━━ MATERIAL FOR THIS EXERCISE ━━
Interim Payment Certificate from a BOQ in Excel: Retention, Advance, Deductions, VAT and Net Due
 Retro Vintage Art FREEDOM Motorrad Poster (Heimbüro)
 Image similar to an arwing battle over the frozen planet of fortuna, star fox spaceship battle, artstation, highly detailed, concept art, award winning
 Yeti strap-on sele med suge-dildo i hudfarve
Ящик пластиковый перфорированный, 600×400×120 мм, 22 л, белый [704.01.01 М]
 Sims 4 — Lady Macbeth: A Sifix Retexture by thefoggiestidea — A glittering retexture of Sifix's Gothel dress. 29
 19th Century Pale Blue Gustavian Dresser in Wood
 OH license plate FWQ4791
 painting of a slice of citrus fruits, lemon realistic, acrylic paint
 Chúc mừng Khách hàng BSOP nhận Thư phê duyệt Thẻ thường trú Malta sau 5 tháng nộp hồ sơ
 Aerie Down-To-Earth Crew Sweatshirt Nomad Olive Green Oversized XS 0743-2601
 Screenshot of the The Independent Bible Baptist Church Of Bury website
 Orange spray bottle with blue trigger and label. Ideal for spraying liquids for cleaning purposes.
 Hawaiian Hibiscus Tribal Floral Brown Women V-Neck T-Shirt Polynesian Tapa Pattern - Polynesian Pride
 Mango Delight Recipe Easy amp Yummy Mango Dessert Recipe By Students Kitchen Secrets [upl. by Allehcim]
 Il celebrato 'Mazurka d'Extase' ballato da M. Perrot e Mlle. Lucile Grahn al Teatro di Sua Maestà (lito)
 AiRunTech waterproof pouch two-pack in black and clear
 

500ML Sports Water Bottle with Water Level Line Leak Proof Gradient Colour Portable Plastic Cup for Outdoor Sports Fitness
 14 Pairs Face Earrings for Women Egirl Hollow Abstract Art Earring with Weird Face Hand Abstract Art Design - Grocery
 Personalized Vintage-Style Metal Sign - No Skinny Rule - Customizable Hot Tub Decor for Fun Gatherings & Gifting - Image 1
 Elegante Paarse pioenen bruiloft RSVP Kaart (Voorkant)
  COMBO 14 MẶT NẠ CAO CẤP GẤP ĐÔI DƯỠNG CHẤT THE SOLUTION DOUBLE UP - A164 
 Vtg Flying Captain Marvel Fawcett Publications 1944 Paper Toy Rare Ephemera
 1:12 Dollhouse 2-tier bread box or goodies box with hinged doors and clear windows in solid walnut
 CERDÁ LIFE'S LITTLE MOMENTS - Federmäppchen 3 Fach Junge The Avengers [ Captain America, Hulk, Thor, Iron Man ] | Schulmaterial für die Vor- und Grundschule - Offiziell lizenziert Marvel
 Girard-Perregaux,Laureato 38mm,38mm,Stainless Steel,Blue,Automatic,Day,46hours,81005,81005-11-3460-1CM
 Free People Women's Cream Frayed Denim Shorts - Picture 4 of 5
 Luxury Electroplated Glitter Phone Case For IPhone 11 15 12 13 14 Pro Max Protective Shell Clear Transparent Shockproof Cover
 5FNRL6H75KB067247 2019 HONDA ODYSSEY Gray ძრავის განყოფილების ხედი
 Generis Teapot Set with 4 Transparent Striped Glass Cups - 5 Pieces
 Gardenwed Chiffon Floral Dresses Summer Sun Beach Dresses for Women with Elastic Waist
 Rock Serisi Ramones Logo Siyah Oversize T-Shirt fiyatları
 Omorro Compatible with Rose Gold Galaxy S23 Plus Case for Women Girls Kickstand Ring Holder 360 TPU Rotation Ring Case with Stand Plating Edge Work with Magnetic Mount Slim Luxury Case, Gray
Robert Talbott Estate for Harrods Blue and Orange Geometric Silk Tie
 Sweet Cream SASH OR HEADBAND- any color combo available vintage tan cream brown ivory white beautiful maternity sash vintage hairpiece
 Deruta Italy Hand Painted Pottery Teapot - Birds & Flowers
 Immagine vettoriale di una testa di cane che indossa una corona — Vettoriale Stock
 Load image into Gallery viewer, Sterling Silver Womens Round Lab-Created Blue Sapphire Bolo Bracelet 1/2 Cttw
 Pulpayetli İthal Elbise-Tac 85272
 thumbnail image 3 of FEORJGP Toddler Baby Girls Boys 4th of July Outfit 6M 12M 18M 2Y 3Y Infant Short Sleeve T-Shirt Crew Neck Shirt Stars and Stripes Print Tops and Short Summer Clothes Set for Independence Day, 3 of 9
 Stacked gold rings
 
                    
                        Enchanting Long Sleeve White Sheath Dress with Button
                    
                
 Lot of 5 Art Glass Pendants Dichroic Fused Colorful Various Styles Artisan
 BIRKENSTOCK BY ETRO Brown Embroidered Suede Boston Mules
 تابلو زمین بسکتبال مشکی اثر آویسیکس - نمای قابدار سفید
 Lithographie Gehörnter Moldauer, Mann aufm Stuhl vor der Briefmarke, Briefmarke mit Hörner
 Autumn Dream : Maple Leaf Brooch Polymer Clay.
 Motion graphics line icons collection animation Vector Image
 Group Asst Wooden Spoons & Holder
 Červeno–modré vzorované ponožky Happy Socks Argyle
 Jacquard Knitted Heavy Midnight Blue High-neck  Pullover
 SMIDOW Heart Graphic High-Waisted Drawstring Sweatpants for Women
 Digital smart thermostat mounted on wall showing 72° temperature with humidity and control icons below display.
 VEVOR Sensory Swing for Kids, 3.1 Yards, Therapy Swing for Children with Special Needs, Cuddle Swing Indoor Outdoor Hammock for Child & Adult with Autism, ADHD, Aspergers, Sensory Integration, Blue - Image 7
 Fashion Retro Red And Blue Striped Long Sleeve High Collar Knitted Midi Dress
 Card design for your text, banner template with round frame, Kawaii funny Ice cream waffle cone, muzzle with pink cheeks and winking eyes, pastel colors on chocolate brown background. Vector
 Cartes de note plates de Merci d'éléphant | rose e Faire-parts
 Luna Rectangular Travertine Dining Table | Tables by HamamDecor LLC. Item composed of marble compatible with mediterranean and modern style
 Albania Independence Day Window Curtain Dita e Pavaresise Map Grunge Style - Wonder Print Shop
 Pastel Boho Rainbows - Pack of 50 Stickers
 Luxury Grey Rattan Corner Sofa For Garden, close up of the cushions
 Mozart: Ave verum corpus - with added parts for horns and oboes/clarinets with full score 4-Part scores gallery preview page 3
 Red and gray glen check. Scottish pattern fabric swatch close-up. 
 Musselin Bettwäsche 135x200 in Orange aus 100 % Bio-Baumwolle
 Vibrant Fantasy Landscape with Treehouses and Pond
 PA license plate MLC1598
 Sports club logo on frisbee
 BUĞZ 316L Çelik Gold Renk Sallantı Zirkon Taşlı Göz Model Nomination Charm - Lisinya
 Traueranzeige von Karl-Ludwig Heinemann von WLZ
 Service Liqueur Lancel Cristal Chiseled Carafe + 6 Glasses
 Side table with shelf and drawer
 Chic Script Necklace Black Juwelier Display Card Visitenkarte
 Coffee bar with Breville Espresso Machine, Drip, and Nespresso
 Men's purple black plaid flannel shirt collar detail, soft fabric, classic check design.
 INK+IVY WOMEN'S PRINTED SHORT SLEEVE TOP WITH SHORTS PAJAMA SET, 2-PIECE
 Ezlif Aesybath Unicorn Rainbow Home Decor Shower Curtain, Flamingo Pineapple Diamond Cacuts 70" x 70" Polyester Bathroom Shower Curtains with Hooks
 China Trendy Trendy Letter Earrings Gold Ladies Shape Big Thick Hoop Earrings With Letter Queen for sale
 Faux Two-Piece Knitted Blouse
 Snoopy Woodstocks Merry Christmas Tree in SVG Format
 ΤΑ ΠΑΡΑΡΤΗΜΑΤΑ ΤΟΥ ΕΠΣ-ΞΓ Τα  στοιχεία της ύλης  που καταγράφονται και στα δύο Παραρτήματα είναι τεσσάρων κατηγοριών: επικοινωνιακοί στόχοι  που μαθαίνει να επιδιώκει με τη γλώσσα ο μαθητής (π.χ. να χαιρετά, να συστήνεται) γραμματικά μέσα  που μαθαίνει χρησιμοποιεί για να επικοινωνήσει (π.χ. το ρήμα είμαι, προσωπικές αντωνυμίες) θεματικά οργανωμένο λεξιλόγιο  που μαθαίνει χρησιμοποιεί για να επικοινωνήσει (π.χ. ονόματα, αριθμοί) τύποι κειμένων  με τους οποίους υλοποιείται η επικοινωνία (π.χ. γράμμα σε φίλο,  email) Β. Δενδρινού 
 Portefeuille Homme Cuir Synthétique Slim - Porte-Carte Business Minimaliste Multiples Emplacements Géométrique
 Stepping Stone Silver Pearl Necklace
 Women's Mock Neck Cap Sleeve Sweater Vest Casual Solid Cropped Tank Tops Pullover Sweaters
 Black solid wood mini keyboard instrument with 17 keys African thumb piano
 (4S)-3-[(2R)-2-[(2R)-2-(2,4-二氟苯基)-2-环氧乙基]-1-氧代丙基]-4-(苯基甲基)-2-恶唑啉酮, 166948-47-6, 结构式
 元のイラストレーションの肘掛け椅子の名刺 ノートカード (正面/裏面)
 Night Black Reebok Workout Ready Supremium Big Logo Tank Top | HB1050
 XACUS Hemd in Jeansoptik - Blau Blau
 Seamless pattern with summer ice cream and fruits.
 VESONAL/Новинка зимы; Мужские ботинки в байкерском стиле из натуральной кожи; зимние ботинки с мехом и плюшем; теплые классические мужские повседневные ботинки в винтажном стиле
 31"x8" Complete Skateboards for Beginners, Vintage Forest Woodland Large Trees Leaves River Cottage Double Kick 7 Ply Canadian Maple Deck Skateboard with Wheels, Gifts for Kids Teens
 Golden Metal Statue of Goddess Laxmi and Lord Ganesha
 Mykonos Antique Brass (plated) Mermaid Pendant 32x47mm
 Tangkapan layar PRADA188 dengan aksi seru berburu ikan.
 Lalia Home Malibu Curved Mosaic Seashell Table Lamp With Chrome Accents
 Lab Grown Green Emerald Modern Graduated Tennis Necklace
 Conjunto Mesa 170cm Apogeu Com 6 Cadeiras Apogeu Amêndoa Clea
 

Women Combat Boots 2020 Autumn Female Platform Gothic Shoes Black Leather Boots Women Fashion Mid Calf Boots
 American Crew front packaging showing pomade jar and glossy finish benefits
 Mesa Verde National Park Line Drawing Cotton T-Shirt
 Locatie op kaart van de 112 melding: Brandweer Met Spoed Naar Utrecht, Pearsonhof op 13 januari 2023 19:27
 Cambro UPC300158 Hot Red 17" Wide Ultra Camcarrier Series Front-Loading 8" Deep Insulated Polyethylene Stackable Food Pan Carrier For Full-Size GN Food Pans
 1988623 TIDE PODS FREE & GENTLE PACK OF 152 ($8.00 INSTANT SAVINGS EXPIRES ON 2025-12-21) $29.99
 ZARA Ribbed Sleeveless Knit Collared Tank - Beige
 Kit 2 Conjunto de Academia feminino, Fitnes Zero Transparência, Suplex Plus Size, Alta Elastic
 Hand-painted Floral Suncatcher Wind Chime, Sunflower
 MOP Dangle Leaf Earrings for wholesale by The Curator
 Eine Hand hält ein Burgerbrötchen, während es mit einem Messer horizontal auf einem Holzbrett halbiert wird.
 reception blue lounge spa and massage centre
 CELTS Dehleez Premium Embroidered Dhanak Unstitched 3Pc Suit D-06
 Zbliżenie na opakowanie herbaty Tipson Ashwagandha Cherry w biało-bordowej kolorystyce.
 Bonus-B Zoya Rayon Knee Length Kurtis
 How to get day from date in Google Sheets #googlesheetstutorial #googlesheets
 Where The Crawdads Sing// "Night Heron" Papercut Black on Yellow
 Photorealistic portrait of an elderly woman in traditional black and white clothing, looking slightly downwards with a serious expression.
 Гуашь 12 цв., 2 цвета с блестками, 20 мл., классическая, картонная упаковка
━━━
#### DIRECTIONS FOR THIS TASK:
A verbatim transcription is needed of the lines above, starting at the line with "SMIDOW Heart Graphic" and ending at the line with "Vibrant Fantasy Landscape", both included, and of nothing else.

#### EXERCISE RESULT:
 SMIDOW Heart Graphic High-Waisted Drawstring Sweatpants for Women
 Digital smart thermostat mounted on wall showing 72° temperature with humidity and control icons below display.
 VEVOR Sensory Swing for Kids, 3.1 Yards, Therapy Swing for Children with Special Needs, Cuddle Swing Indoor Outdoor Hammock for Child & Adult with Autism, ADHD, Aspergers, Sensory Integration, Blue - Image 7
 Fashion Retro Red And Blue Striped Long Sleeve High Collar Knitted Midi Dress
 Card design for your text, banner template with round frame, Kawaii funny Ice cream waffle cone, muzzle with pink cheeks and winking eyes, pastel colors on chocolate brown background. Vector
 Cartes de note plates de Merci d'éléphant | rose e Faire-parts
 Luna Rectangular Travertine Dining Table | Tables by HamamDecor LLC. Item composed of marble compatible with mediterranean and modern style
 Albania Independence Day Window Curtain Dita e Pavaresise Map Grunge Style - Wonder Print Shop
 Pastel Boho Rainbows - Pack of 50 Stickers
 Luxury Grey Rattan Corner Sofa For Garden, close up of the cushions
 Mozart: Ave verum corpus - with added parts for horns and oboes/clarinets with full score 4-Part scores gallery preview page 3
 Red and gray glen check. Scottish pattern fabric swatch close-up. 
 Musselin Bettwäsche 135x200 in Orange aus 100 % Bio-Baumwolle
 Vibrant Fantasy Landscape with Treehouses and Pond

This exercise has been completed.